Krull uses a gossipy, casual tone to reconstruct Newton's life, and in the process reveals his dreadful childhood. His mother remarried and her new husband did not want Isaac around. Eventually young Isaac was sent to live with his grandparents. His early isolation may have led to his withdrawal from an active social life and into the internal world of his imagination. His personal loss became the world's gain as his vivid imagination and extreme intelligence changed the world.
For all his brilliance, Isaac Newton as revealed by Krull was a complicated character. Other words to describe him were unconventional, unhappy, unfriendly, obsessive, secretive, withdrawn, jealous and vindictive. Newton was so small-minded that he set out to destroy other scientists who dared question his findings, and once held back from publishing his own results to an experiment until a competitor was dead. Krull spends a chapter exploring Newton's possible homosexuality. She also exposes his desire to get the best education he could in spite of an outbreak of the plague. Generally, she seeks to show that the brilliance that this man left behind came at the cost of his personal happiness, and that he may have suffered from what we today call depression.
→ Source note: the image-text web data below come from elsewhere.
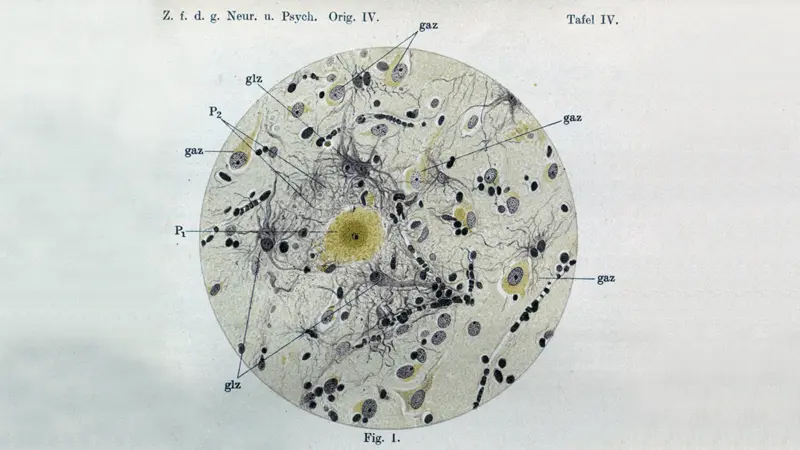 The earliest evidence of amyloid plaques.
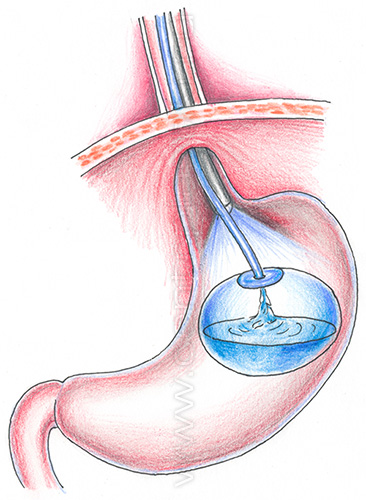 Внутрижелудочный баллон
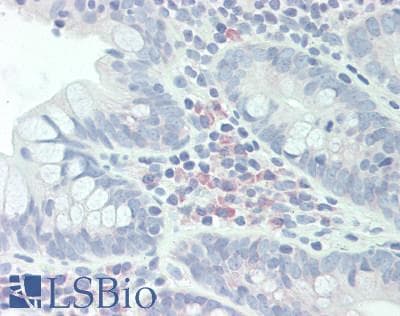 IHC-plus™ Polyclonal Rabbit anti-Human BTLA / CD272 Antibody (IHC)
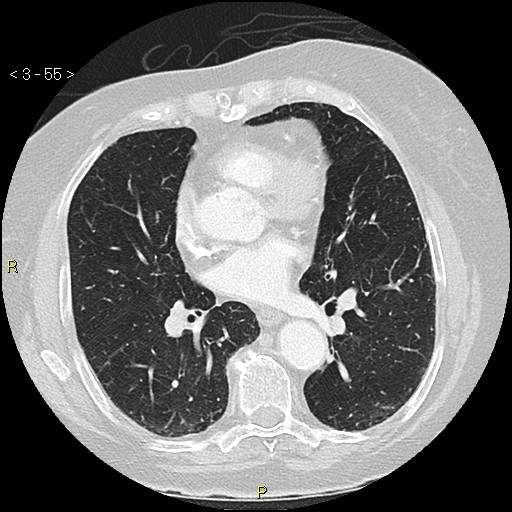 Bronchogenic carcinoma as an incidental finding (Radiopaedia 16453-16130 Axial lung window 55).jpg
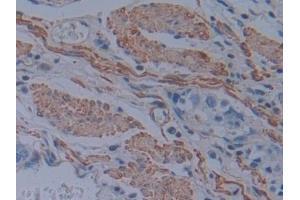 Immunohistochemistry (IHC) image for anti-Plastin 3 (PLS3) (AA 379-630) antibody (ABIN7436462)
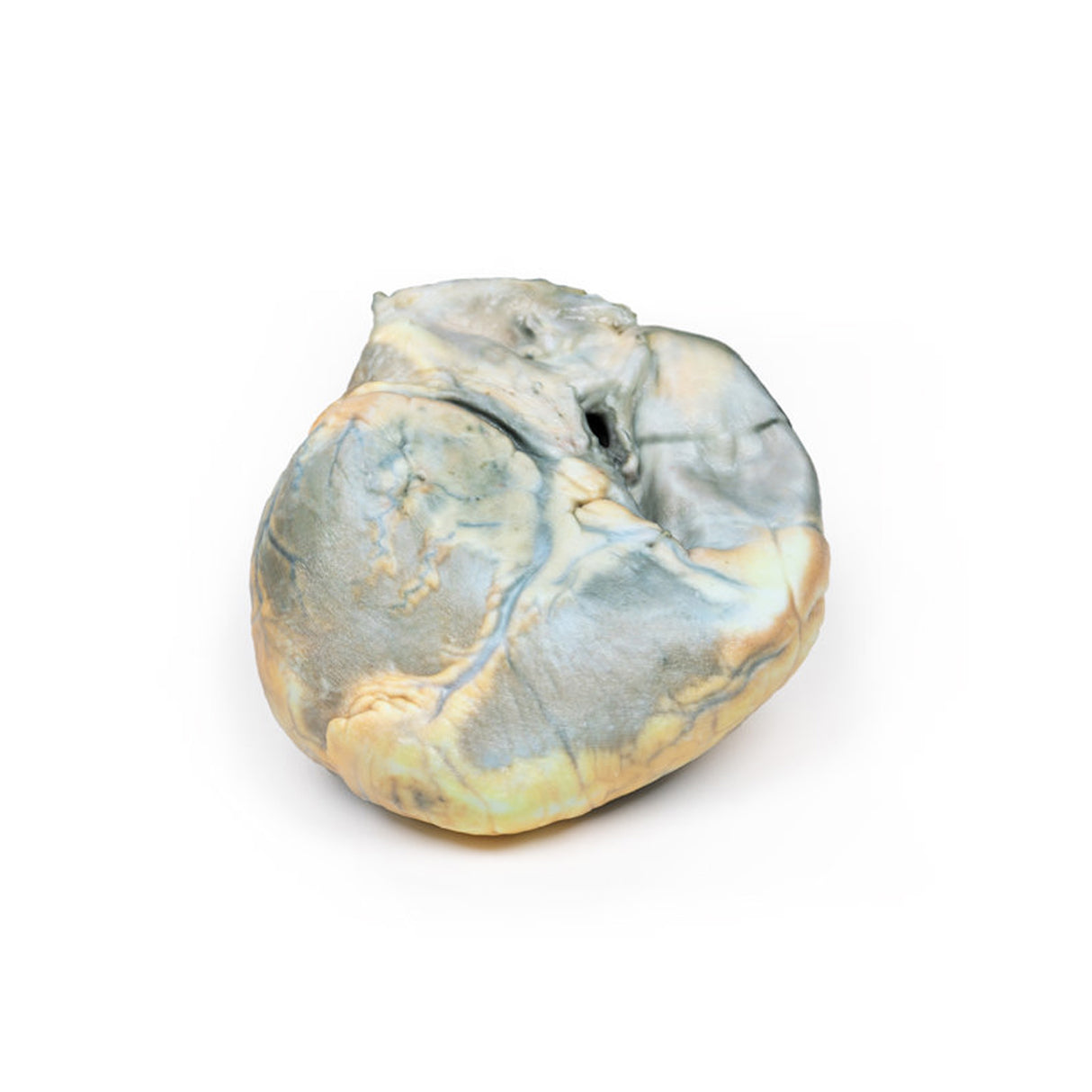 Right Ventricular Hypertrophy | EZ-MP2031 | Sim & Skills Ltd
The book ends by presenting the importance of Isaac Newton. His impact on the future of science is so important that some call him the father of science. Newton invented calculus and conducted scientific experiments throughout his life. He theorized about gravity, and then performed experiments to prove its existence. This way of theorizing and then proving through experimentation is the way all scientists have made discoveries since Newton's time. The fact that Newton was doing so in the 1600s during the time of the great plague is something that the author uses to solidify his genius.